__PROBLEM__.
For each line of the data that includes the word "with", copy the line.

(Collection entries)
▼▼▼
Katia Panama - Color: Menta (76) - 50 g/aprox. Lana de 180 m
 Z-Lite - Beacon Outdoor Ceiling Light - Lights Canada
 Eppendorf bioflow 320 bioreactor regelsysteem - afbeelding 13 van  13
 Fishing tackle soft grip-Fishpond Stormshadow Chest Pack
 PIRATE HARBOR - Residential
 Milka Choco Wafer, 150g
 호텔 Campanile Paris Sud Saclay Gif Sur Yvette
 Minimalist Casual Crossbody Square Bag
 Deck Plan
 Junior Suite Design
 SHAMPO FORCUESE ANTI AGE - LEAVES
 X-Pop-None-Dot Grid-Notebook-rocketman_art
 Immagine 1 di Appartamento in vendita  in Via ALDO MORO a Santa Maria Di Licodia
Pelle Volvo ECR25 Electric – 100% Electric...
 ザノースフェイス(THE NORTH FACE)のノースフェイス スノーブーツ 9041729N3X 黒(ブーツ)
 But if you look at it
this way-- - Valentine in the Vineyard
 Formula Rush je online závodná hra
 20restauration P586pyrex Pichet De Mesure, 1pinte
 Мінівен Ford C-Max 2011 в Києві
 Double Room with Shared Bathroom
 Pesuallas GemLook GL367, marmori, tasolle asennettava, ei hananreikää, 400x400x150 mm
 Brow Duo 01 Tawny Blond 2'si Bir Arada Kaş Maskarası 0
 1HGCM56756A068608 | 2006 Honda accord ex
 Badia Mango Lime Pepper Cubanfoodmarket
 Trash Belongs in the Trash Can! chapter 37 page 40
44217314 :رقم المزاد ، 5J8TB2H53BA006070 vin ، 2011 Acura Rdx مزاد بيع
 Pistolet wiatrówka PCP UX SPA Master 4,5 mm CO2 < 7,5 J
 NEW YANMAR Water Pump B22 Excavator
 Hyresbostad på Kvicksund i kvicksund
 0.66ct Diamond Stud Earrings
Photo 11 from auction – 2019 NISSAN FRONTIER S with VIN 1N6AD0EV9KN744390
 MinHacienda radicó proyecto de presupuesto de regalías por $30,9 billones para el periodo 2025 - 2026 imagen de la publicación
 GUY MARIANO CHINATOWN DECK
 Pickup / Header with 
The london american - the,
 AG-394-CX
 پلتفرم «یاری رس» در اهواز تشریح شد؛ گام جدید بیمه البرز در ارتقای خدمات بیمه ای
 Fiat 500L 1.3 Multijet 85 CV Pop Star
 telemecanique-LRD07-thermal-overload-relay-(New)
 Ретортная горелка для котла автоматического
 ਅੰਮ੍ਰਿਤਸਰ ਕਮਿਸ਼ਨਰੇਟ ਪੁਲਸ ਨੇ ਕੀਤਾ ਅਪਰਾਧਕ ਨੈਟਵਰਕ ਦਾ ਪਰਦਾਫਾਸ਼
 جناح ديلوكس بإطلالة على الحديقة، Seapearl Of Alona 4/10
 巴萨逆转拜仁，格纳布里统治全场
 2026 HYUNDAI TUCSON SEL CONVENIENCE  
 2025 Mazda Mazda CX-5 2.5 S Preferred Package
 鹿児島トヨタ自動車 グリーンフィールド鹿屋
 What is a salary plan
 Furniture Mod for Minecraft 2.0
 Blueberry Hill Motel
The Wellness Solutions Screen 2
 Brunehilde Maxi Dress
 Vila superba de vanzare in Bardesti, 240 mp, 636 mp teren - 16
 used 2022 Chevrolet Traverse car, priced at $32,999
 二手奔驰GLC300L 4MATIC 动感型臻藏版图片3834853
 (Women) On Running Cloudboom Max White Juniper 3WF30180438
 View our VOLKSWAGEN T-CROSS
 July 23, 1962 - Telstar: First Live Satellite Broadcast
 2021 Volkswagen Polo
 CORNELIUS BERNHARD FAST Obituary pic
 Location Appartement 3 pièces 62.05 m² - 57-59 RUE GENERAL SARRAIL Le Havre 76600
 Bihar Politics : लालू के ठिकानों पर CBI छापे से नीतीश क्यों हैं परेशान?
▲▲▲
__SOLUTION FOR THIS EXERCISE__.
 Double Room with Shared Bathroom
Photo 11 from auction – 2019 NISSAN FRONTIER S with VIN 1N6AD0EV9KN744390
 Pickup / Header with 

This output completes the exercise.